Pipfruit New Zealand chairman Ian Palmer says the industry is unviable with the kiwi dollar at US87c. "It prevents us being competitive in international markets, and that’s a shame because our fruit is selling well."

But Trade Minister Tim Groser told the growers they had to face the "brutal realism" of such a high rate.

He rejected suggestions of fixing the rate to a major currency or charging a fee for financial transactions leaving and entering the country.

The system of floating the kiwi dollar was superior to any other. "We have tried other alternatives and they were all much, much worse."

He gave the example of Greece, which was "trapped" to a fixed exchange rate and was paying for that with massive unemployment, company failures and debt defaults.

The industry’s best option was to do more to develop the Asia-Pacific market, he said. "It’s staring you in the face."
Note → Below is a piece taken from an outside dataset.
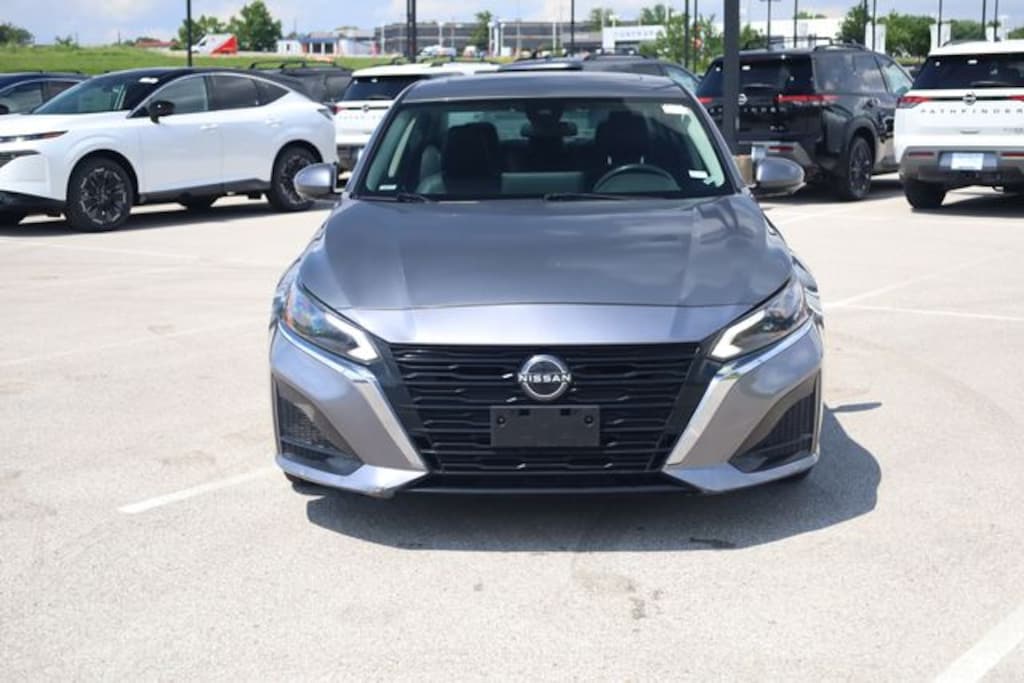Used 2023 Nissan Altima 2.5 SL Sedan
Australia, which lost its appeal against the World Trade Organisation decision to back the entry of New Zealand apples, would soon open its market, despite political rumblings. "They don’t have a choice," he said. "No country has not implemented an appellate body decision. For Australia not to do that is inconceivable."

Other apple market prospects:

China: Exports through the "grey" Hong Kong market had lifted 124 per cent in value in the past year and doubled in volume. Tariffs would disappear next year, while the rest of the world still had to pay 20 per cent. "It gives us a massive advantage, but we have to negotiate a protocol to go through official channels and we’re making good progress there." Worry over a codling moth incursion was the biggest barrier.
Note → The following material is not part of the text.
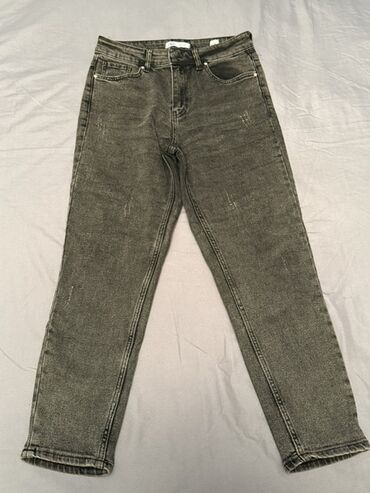 Cinslər: Hamısı klassik denim parçadandır, gündəlik və casual kombinasiyalara — 3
India: "Major, major" negotiations were making "some" progress, Mr Groser said.

Taiwan: Importers had to be assured of sophisticated management of codling moth in New Zealand orchards.
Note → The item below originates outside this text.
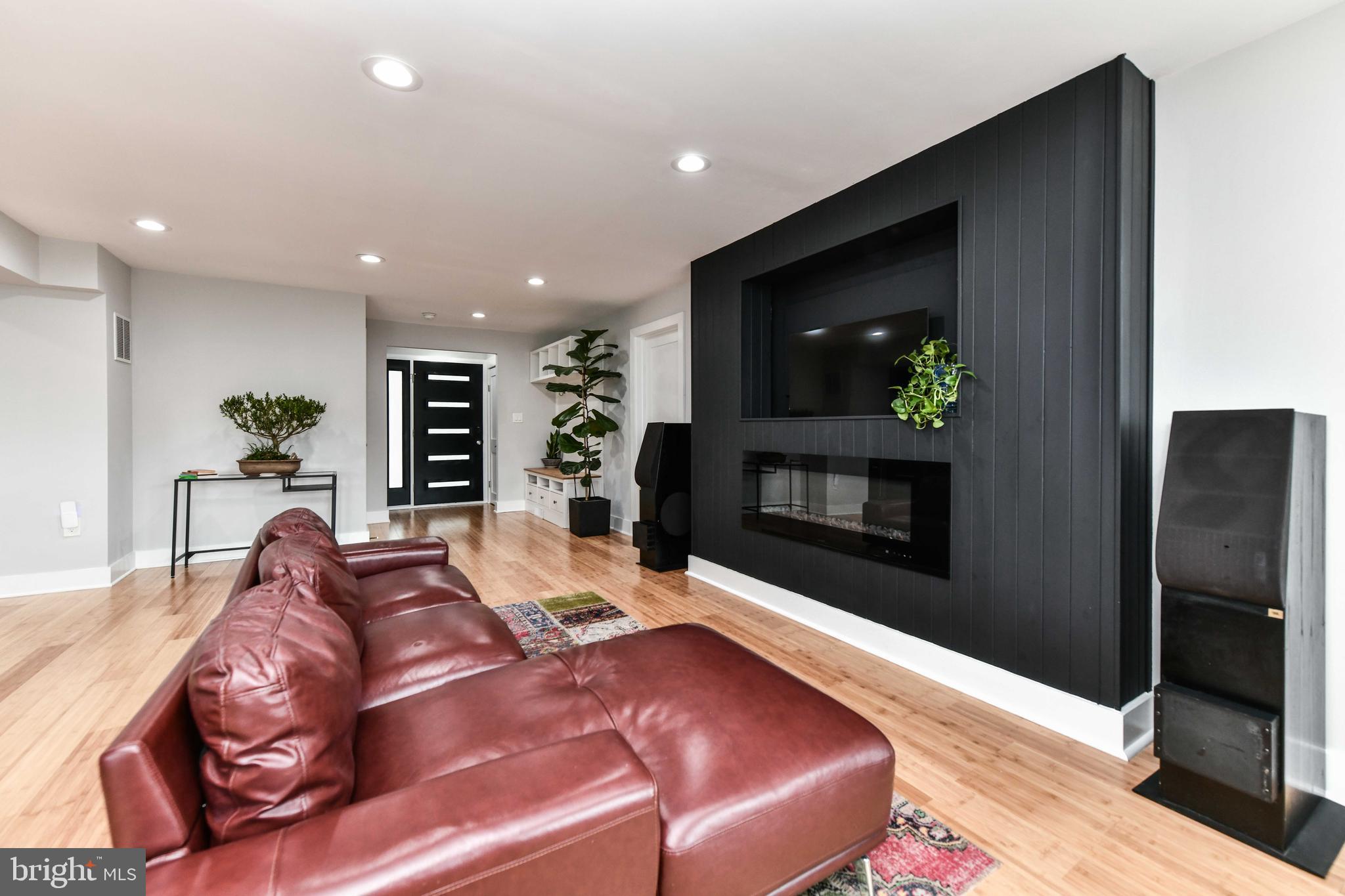 CLAREMONT - Residential Lease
Korea: Codling moth was also a stumbling block and free trade negotiations were making slow progress.

Russia: "Intriguing" negotiations on free trade were "going really well" and he was confident of an agreement.

Mr Palmer said the export season, currently at its midway point, was proving a success so far.

Sales in Europe and Britain were going well, helped by there being no domestic fruit in the market because of drought. Asia was strong, particularly China and India, where volumes were up 50 per cent despite a 47 per cent tariff.

The United States was "hot", but with the US dollar so high no apple producing country could afford to supply it.